| Task item |
Using the listing below, print exactly everything from the line with "ai character: Jurassic world BM background" down to the line with "Mașini - set", both included, and nothing more.

| Raw data |

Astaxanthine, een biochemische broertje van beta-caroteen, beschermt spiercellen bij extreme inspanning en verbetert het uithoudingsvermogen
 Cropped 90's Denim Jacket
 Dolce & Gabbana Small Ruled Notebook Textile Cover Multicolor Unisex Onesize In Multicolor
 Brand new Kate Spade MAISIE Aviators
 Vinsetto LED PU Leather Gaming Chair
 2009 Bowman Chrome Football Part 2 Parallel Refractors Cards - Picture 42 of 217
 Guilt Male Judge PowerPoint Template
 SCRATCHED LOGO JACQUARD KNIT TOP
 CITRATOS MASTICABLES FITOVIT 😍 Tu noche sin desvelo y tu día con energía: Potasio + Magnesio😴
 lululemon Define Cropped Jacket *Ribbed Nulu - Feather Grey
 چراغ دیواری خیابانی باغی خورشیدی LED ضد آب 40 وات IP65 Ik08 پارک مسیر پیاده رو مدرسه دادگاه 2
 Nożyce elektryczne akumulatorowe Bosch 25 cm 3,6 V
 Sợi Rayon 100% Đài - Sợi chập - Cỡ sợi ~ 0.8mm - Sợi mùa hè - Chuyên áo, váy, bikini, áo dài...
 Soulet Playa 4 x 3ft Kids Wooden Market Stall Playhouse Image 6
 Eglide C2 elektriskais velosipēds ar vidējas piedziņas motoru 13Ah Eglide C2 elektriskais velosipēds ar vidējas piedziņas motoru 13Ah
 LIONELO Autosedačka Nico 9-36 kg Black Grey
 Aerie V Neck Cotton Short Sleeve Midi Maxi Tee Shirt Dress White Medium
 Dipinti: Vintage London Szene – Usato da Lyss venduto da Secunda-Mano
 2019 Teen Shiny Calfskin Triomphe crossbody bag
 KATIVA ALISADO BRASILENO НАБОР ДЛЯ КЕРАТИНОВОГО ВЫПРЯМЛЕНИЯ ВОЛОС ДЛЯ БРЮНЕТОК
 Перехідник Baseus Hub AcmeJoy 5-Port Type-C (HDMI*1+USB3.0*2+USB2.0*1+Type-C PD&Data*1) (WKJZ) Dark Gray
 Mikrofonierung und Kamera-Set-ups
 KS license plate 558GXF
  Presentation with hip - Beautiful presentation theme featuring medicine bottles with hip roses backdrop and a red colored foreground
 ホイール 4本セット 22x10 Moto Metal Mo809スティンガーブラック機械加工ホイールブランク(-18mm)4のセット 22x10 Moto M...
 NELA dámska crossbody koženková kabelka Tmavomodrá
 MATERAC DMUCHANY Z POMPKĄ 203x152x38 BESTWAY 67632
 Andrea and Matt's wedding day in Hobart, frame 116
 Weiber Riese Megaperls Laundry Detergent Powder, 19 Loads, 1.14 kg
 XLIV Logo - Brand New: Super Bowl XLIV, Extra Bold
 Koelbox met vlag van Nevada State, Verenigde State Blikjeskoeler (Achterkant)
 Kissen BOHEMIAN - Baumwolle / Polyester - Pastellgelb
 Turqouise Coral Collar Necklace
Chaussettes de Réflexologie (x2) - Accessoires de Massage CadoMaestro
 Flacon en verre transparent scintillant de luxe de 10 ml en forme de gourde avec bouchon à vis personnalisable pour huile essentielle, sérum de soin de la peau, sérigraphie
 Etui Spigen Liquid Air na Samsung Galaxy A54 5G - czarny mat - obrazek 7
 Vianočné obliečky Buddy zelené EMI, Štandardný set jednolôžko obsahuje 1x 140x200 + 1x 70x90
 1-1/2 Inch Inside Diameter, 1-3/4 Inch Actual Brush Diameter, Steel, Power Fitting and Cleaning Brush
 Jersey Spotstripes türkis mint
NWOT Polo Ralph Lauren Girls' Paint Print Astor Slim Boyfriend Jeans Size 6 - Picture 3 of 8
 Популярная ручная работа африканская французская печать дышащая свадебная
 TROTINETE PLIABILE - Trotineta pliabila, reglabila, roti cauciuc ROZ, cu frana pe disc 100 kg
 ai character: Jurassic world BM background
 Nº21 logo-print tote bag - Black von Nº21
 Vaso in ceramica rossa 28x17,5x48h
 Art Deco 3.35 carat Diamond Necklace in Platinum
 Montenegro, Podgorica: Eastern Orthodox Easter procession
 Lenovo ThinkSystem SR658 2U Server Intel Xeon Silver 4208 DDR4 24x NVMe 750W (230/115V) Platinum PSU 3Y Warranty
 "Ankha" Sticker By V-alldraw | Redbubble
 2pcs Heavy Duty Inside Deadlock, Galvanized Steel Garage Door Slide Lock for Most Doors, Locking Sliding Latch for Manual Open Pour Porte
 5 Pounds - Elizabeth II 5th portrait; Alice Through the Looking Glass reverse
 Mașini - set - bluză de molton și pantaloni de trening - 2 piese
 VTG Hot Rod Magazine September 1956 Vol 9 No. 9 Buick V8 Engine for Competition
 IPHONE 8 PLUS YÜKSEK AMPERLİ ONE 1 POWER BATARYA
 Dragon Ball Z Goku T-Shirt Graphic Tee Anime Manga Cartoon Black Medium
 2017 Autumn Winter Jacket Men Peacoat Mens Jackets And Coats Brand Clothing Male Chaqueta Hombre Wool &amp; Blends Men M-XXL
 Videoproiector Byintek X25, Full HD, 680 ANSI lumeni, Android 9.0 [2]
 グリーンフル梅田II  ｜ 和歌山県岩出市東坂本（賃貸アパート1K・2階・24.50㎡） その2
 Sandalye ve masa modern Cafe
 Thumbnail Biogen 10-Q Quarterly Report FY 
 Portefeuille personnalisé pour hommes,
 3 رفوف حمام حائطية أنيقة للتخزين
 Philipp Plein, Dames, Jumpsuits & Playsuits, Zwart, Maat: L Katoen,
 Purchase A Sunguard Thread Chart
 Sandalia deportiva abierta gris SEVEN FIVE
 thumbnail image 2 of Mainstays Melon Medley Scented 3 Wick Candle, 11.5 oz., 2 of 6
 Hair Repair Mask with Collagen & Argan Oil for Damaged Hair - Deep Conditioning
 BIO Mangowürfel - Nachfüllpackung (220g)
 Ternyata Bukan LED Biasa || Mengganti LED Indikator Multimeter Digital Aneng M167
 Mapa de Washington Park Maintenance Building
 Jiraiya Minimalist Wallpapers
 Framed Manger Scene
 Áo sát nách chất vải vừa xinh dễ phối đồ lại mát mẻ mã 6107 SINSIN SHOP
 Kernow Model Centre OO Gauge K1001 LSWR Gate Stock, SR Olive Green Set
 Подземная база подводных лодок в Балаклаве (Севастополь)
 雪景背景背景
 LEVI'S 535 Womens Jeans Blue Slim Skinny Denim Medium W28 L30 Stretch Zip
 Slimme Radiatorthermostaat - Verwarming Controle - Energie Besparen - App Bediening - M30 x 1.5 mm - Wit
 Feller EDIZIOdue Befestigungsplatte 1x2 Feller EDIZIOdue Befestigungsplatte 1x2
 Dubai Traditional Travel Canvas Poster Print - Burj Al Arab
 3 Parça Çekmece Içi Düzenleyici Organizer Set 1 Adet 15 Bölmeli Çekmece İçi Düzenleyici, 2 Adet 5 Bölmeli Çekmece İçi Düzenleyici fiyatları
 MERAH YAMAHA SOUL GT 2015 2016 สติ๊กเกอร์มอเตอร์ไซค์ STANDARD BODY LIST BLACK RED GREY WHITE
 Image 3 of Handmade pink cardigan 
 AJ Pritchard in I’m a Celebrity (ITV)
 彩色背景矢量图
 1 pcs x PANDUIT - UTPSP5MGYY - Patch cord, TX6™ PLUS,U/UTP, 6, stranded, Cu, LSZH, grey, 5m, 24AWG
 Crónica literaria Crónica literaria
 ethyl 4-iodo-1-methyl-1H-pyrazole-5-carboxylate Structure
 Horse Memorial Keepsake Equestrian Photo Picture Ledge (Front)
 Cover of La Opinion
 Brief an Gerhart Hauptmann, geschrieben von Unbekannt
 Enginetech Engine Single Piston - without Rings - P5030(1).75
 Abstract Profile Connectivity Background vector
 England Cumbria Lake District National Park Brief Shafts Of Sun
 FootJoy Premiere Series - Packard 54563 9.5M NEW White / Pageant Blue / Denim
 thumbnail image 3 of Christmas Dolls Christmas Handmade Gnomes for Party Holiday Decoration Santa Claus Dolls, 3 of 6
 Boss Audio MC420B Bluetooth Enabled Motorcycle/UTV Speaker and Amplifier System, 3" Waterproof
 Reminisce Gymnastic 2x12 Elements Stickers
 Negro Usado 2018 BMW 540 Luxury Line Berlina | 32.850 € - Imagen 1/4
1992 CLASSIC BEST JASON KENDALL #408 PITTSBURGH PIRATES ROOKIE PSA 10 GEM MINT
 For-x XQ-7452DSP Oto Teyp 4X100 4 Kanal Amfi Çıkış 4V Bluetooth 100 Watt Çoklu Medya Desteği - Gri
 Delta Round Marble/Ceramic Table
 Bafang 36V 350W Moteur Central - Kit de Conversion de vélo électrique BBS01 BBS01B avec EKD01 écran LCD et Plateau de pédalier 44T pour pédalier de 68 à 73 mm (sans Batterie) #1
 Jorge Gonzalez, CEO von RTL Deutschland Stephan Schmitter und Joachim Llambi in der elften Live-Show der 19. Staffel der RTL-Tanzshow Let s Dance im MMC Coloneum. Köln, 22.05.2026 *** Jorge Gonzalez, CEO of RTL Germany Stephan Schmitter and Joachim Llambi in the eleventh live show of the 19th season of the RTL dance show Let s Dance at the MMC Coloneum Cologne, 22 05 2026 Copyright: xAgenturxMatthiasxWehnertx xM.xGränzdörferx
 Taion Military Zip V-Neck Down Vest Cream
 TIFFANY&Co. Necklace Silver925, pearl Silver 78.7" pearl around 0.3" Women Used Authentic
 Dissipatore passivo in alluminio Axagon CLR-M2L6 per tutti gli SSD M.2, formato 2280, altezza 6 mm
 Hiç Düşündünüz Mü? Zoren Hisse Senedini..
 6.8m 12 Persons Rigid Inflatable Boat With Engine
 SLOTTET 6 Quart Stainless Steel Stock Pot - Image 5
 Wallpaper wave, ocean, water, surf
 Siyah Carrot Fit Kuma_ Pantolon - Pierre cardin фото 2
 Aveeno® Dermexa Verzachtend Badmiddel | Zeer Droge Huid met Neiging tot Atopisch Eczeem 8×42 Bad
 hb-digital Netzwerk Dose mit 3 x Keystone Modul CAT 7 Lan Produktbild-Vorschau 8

| Task result |
 ai character: Jurassic world BM background
 Nº21 logo-print tote bag - Black von Nº21
 Vaso in ceramica rossa 28x17,5x48h
 Art Deco 3.35 carat Diamond Necklace in Platinum
 Montenegro, Podgorica: Eastern Orthodox Easter procession
 Lenovo ThinkSystem SR658 2U Server Intel Xeon Silver 4208 DDR4 24x NVMe 750W (230/115V) Platinum PSU 3Y Warranty
 "Ankha" Sticker By V-alldraw | Redbubble
 2pcs Heavy Duty Inside Deadlock, Galvanized Steel Garage Door Slide Lock for Most Doors, Locking Sliding Latch for Manual Open Pour Porte
 5 Pounds - Elizabeth II 5th portrait; Alice Through the Looking Glass reverse
 Mașini - set - bluză de molton și pantaloni de trening - 2 piese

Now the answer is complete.